The company began diversifying its operations in 1985, branching into telecommunications products for personal computers. It introduced modems for personal computers under the Practical Modem brand name, as well as data buffer devices for faxes. The company's modem line was its hottest seller. It commenced with the Practical Modem 1200 (PM1200) in December 1985, providing speeds of 1200 bps for both internal and external modems. Progressing through their product offerings, Practical Peripherals culminated with the PM56K, a high-speed internal and external modem operating at 56,000 bps, in 1997.

By the mid-1980s, other members of the Seedman family began presiding over operations at Practical. Michael's brother Eric was hired as vice president of sales and his father Joseph acted as chief operating officer under CEO Michael.

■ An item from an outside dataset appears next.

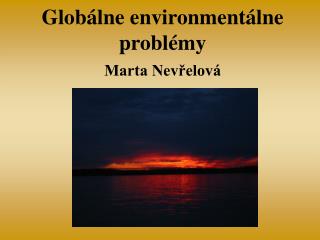 Globálne environmentálne problémy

===Post-acquisition (1989–1999)===
In 1985, Practical was sued for alleged patent infringement by Hayes Microcomputer Products of Atlanta, Georgia, of the latter's Heatherington '302 patent. Practical counter-sued in 1988, claiming that Hayes' patent was invalid. Rather than drag on legal proceedings, Hayes acquired Practical for an undisclosed sum in August 1989, allowing it to operate as an independently operating subsidiary, the Practical brand surviving, and short-circuiting their respective lawsuits. Practical that year achieved sales of nearly $50 million on their modem products from 1990 to 1992.

In May 1992, Hayes doubled the size of Practical's headquarters moving it from Westlake Village to a 70,000-square-foot facility in Thousand Oaks, California. All operations of the company were performed under one roof at this new location, including marketing, development, administration, and manufacturing. The company increased their payroll in tandem, the company peaking at 700 workers in September 1992. Sales of Practical's products peaked that year as well, at just over $50 million.

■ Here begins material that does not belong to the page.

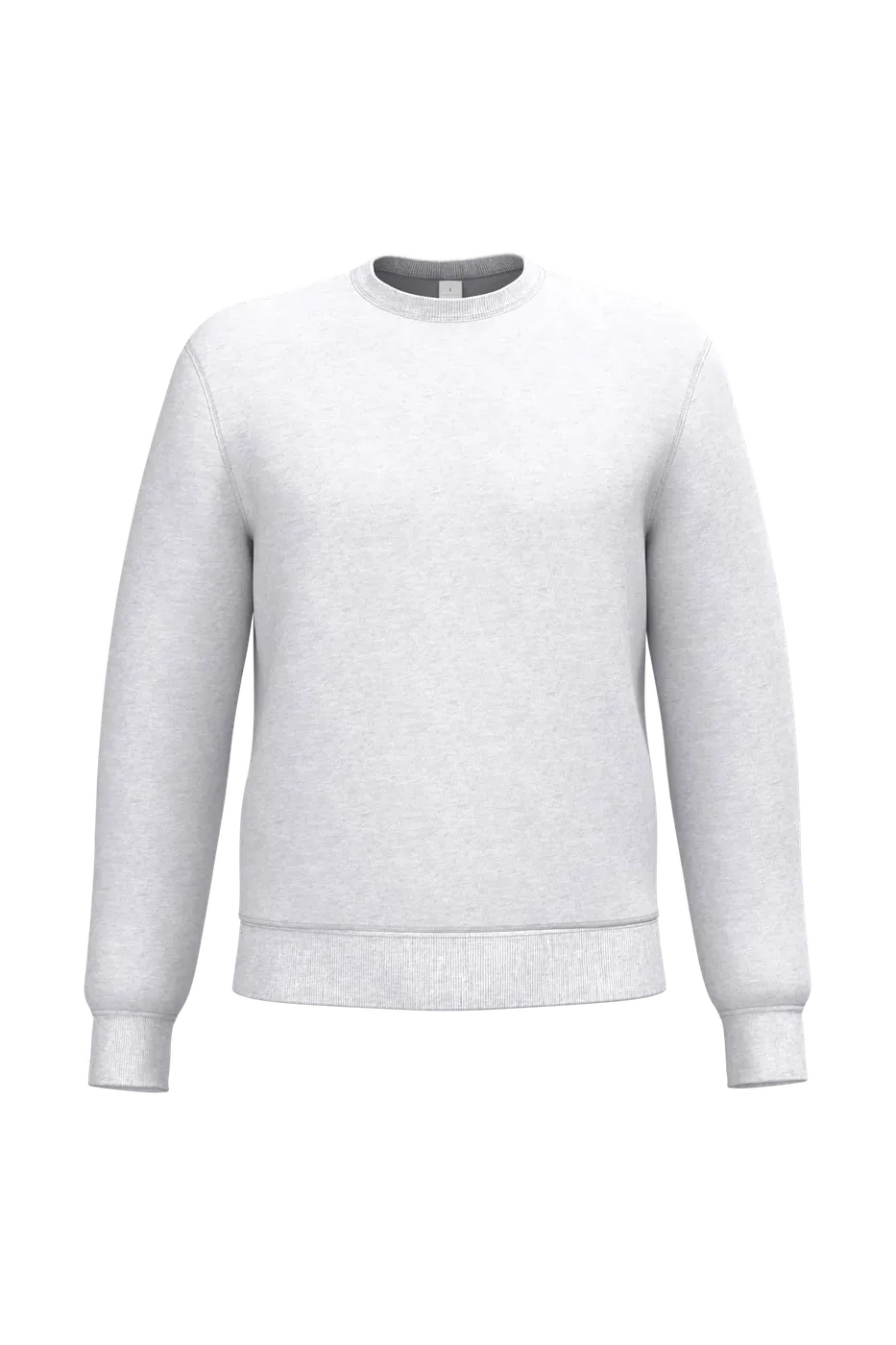 Goedkope Sweater iDeal Basic Brand IB400 in Goedkope Sweater iDeal Basic Brand IB400 Ash Heather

In 1993, founder Michael Seedman departed from Practical Peripherals to join rival modem maker U.S. Robotics of Schaumburg, Illinois, as their senior VP and general manager. Following price cuts and consolidation of the company's operations in 1993, employment at Practical gradually shrank to 575 workers by October 1994 (450 full-time workers and 125 temporary workers). Between October 1994 and November 1994, Hayes formally merged Practical into themselves, absorbing their liabilities while allowing Practical to continue to be managed independently. In late November 1994, Hayes sought Chapter 11 bankruptcy protection due to constricting cash flows, and despite reassurances that Practical would not see further consolidation, Hayes laid off 200 within Practical in late December that year. As Practical had formally merged with Hayes right before the parent company's bankruptcy, Practical's management were dragged into Chapter 11 proceedings along with them. In 1995, Hayes laid of 100 employees of Practical. In September 1996, Hayes announced that Practical's 375 remaining employees were to be laid off in the next seven months, effectively ending Practical's independent operations. Practical continued as a brand of Hayes modems for the next two years, until Hayes themselves were bought out by Zoom Telephonics in April 1999.